Stored data entries
┌────────

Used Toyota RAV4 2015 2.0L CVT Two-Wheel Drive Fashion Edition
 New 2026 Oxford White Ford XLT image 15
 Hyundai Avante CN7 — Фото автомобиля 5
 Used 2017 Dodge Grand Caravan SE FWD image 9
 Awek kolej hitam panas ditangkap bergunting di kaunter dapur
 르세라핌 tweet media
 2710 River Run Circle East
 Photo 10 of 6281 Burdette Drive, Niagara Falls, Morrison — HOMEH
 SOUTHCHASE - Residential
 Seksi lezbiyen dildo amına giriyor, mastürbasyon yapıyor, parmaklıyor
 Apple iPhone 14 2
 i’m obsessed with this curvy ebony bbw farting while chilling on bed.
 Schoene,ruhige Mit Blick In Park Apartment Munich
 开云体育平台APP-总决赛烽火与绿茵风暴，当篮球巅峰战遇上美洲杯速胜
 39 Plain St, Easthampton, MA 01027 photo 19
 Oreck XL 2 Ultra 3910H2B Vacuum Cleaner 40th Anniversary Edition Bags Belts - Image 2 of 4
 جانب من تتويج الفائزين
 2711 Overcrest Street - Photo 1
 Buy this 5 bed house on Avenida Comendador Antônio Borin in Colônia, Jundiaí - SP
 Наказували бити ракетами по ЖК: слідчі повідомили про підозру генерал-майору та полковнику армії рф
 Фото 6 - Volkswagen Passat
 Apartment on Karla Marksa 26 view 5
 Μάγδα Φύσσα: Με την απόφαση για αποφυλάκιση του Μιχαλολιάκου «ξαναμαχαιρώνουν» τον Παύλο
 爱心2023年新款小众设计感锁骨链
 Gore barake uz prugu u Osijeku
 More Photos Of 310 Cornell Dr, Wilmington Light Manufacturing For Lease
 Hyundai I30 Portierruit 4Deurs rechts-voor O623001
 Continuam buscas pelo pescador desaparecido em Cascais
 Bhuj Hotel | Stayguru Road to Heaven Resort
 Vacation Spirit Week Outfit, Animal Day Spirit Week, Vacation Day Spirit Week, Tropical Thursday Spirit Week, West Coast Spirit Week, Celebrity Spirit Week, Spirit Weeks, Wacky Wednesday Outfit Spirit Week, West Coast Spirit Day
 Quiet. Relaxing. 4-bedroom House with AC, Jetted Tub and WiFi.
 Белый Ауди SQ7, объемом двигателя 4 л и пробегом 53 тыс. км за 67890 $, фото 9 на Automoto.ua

└────────

**TASK PROMPT**
Copy out the lines above, from the one holding "Hyundai I30 Portierruit" through the final line, with no other lines.

**FINISHED EXERCISE**
 Hyundai I30 Portierruit 4Deurs rechts-voor O623001
 Continuam buscas pelo pescador desaparecido em Cascais
 Bhuj Hotel | Stayguru Road to Heaven Resort
 Vacation Spirit Week Outfit, Animal Day Spirit Week, Vacation Day Spirit Week, Tropical Thursday Spirit Week, West Coast Spirit Week, Celebrity Spirit Week, Spirit Weeks, Wacky Wednesday Outfit Spirit Week, West Coast Spirit Day
 Quiet. Relaxing. 4-bedroom House with AC, Jetted Tub and WiFi.
 Белый Ауди SQ7, объемом двигателя 4 л и пробегом 53 тыс. км за 67890 $, фото 9 на Automoto.ua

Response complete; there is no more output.